障がい者の方が住宅ローンの団体信用生命保険の審査で落ちる理由
障がい者の方が団体信用生命保険の審査に通りにくい理由は、告知義務があるためです。
団体信用生命保険に限らず、生命保険加入時には告知義務があり、手足の機能障がいなどがある場合はその旨を伝えなければいけません。
身体障がいと異なり精神障がいは寛解することもありますが、この場合でも告知期間内に通院歴があれば伝える必要があります。
持病・障がいなどで健康面のリスクがあると判断されれば、団体信用生命保険の審査で不利になるでしょう。
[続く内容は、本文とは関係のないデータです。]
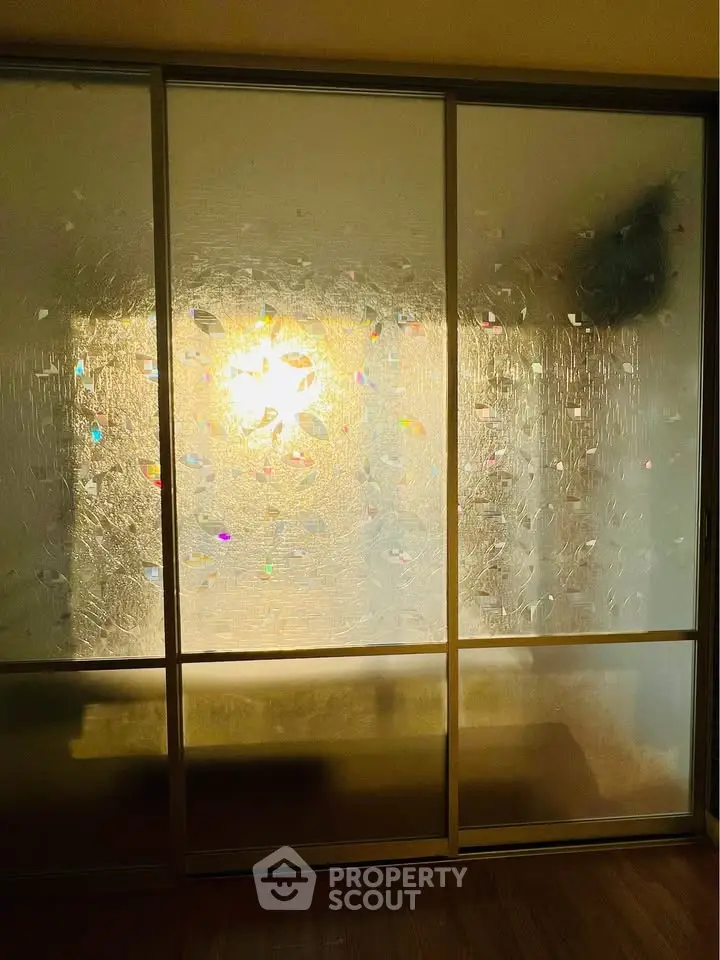 Elegant frosted glass sliding doors in a modern interior space with warm lighting.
また、障がい者枠で雇用されている方の場合、低収入が理由で住宅ローンの審査に落ちてしまうことも考えられます。
住宅ローンの団体信用生命保険に加入できないときの対処法
住宅ローンの団体信用生命保険に加入できないときの対処法のひとつに「フラット35」があります。
フラット35は団体信用生命保険の加入が任意のため、障がいのある方でも比較的利用しやすいローンです。
ただし、フラット35でも収入面などの審査はあるので、一般企業に勤めているなど安定した収入を得ていることが条件になります。
団体信用生命保険よりも加入条件が低い「ワイド団信」を取り扱っている金融機関で住宅ローンに申し込むのも手です。
配偶者にも収入がある場合は、配偶者名義で住宅ローンに申し込む対処法も考えられます。
なお、連帯保証型など夫婦連名のローンでは、夫婦のうち健康状態の良い方を主たる契約者にして団体信用生命保険に申し込めます。
障がい者の方が団体信用生命保険に入らず住宅ローンを組むリスク
障がい者の方が団体信用生命保険に入らず住宅ローンを組む場合、万が一の場合のリスクが大きい点に注意が必要です。
ローン契約者が万が一死亡した場合でも団体信用生命保険が適用されないため、残された家族が返済義務を負っていかなければなりません。
厚生労働省の「令和元年完全生命表」を参照すると、35歳の男性が70歳まで生きられる確率は8割超です。
35年ローンを組んだ場合、2割弱の方は返済途中に亡くなってしまいます。
このリスクを考えたうえで、団体信用生命保険に加入しない形で住宅ローンを組むかよく検討しましょう。
まとめ
団体信用生命保険には告知義務があり、障がいがあると審査に通りにくくなってしまいます。
団体信用生命保険に加入せずに住宅ローンを組みたい場合は、フラット35やワイド団信の利用がおすすめです。
ただし、万が一の場合を考えると、リスクの高い選択であることは留意しておきたいところです。